Diário do Confinamento 9:
Hora de decisões

textura 6
A democracia tem mecanismos para conter governantes que a ameaçam. Quem irá ativá-los? Quando?

“Cala a boca, não perguntei nada!”. A grosseria e a agressividade causam horror, desgosto, não fazem parte da vida civilizada. Impossível passar em branco. O presidente cospe na cara da cidadania, da governança, da própria governabilidade. Debocha do próprio governo, segue desembestado. Seu amanhã é a conservação do poder, o esforço insano para não perder o sopro que a Fortuna lhe concedeu em 2018.

A bola da vez é Sérgio Moro. Suas denúncias puseram novas cartas na mesa. Não foram bombásticas, mas Jair mordeu a isca, com o rabo preso. Na sua vez de jogar, o presidente agiu com a brutalidade que lhe é típica. Não calculou os próximos lances, xingou, subiu o tom, espumou, fez a pior manobra de todas: disse que tudo não passa de “mentira deslavada”. Não convenceu ninguém. Antes, Moro tinha posto o dedo na ferida, revelando a frase suspeita: “Você tem 27 superintendência, Moro, eu só quero uma, a do Rio”.

Justo a do Rio, aquela mais próxima dos interesses da família, dos milicianos, das “rachadinhas”, do Queirós? Ora, ora…
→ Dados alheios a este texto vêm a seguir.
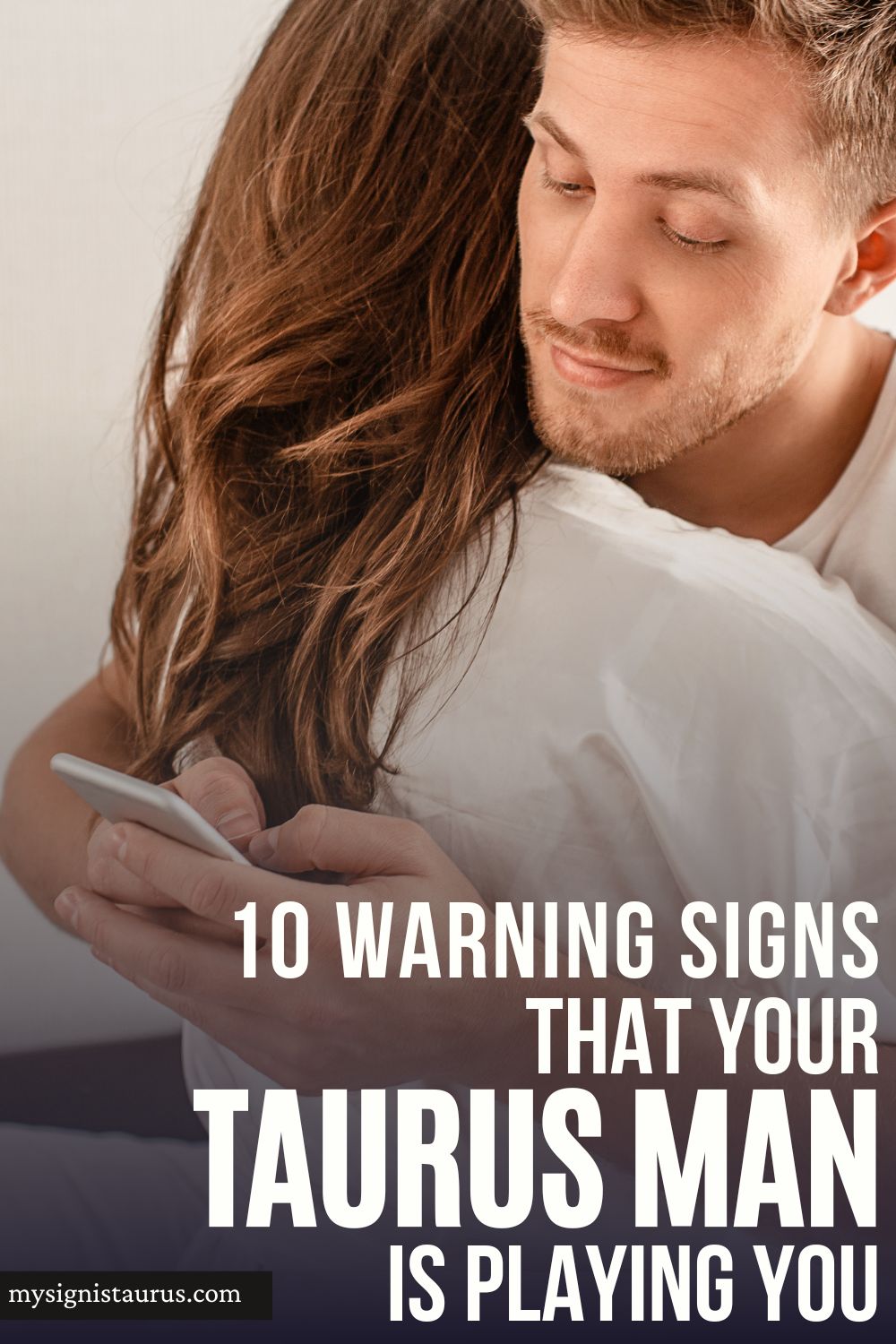 Warning Signs That Your Taurus Man Is Playing You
O destempero presidencial subiu ao palco. Era o que menos se precisava nesse momento agônico. Um presidente em surto é um pesadelo, que amplifica o pesadelo epidêmico. Mata. Não aceita qualquer ponderação, não respeita nem sequer a ordem unida de que se vangloria. Continuarão a sustentá-lo? Quem, por quais motivos e razões?
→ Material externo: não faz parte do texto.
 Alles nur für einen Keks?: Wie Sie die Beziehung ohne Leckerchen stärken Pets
Não basta denunciá-lo. Também não basta argumentar que é preciso “garantir a ordem constitucional”. Alguém precisa colocar o guizo no gato.
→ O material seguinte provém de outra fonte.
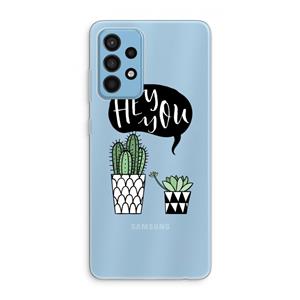 CaseCompany Hey you cactus: Samsung Galaxy A52 Transparant Hoesje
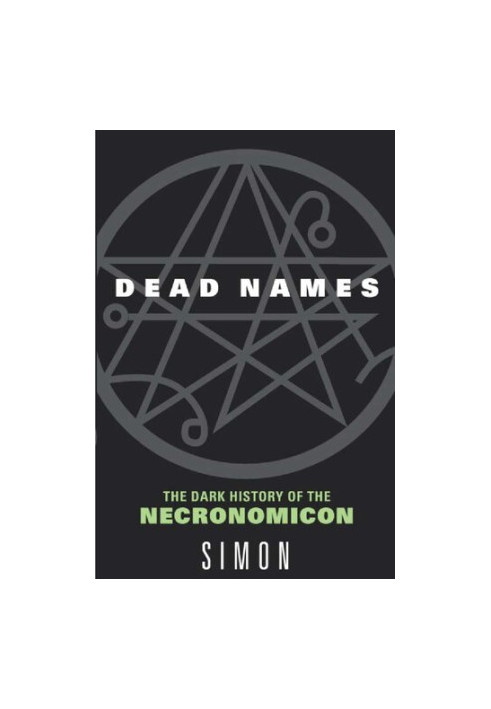 Dead Names: The Dark History of the Necronomicon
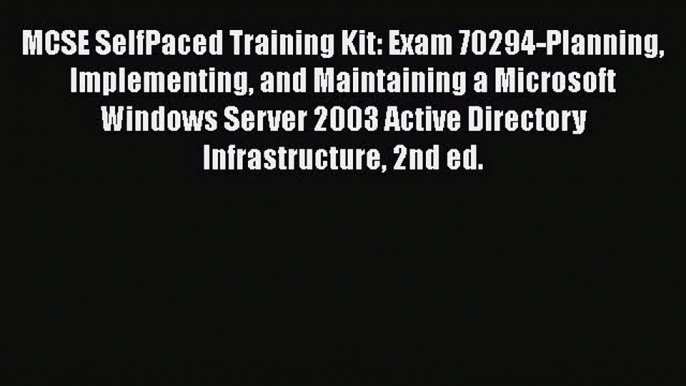 [PDF Download] MCSE SelfPaced Training Kit: Exam 70294-Planning Implementing and Maintaining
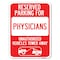 Signmission Reserved Parking for Physicians Unauthorized Vehicles Towed Away Parking, A-1824-23079 A-1824-23079 - alternate 1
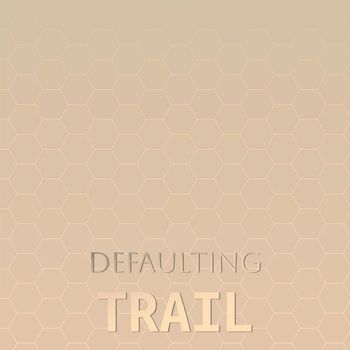 Various Artists - Defaulting Trail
Há um núcleo pensante no governo? Deve haver algum grupo que dê diretrizes. Por mais insignificante que seja a estatura do patrono, o olavismo tem seguidores. Heleno, Ernesto, Weintraub, Wajngarten, Damares, 01, 02 e 03, o gabinete do ódio? Que turma! E há ainda os que trabalham em silêncio, coonestando e deixando como está para ver como é que fica. São igualmente responsáveis.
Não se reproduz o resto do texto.